Jim Fruchterman and Betsy Beaumon Discuss Benetech’s “Open Source for Good” Model on The Open Standard
By Benetech, posted on November 10, 2014At the heart of Silicon Valley—where the focus is all about things like enterprise hardware and software, consumer apps, digital advertising, and monetization of data, gaming, and entertainment—Benetech is an outlier, argues Mozilla’s new online magazine The Open Standard in an interview with CEO Jim Fruchterman and VP of Global Literacy Betsy Beaumon.
In a story titled “Open Source for the Global Good, From Silicon Valley,” author Caleb Garling sits down with Fruchterman and Beaumon to talk about Benetech’s model of “coding for global change” with open source solutions. They describe how Benetech has overhauled Martus, its free, secure, open source human rights information management software tool, to lower the barrier for using strong encryption; the impact its Bookshare initiative has had on the field of education and accessibility; and some of the new technology-for-good solutions Benetech is exploring, including using 3D printing to improve education for students with disabilities, and an open source, secure app generator that will benefit journalists, citizen reporters, activists, and other organizations or individuals who need reliable channels for secure mobile data collection and information exchange over the Internet.

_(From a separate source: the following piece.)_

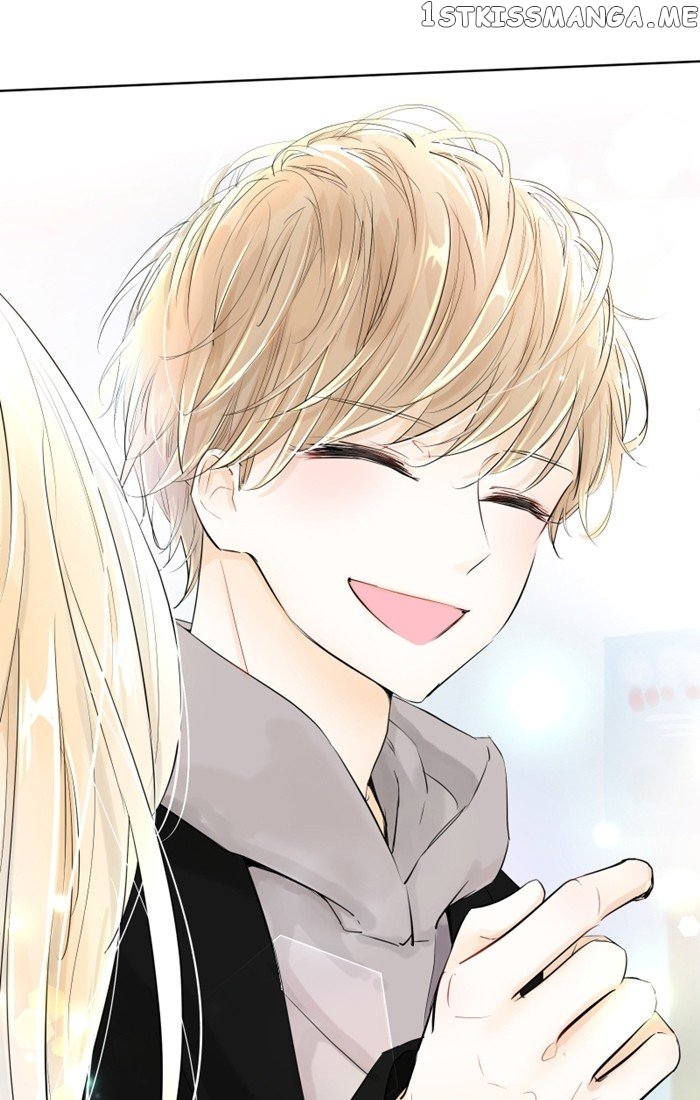 My Heart That Beats For You chapter 47 - page 27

“People are disappointed in the tech community because they think we’re all about greed,” Fruchterman notes. Part of what drives him after two decades of nonprofit technology development, he says, is “changing just a bit of that perception through concrete actions.”
Published by Mozilla, The Open Standard provides online news coverage of open, transparent, and collaborative systems at work in technology and our daily lives. Its purpose is to showcase the positive global impact of these systems and inspire more people to seek out, support, and adopt open principles of accessibility, participation, and experimentation.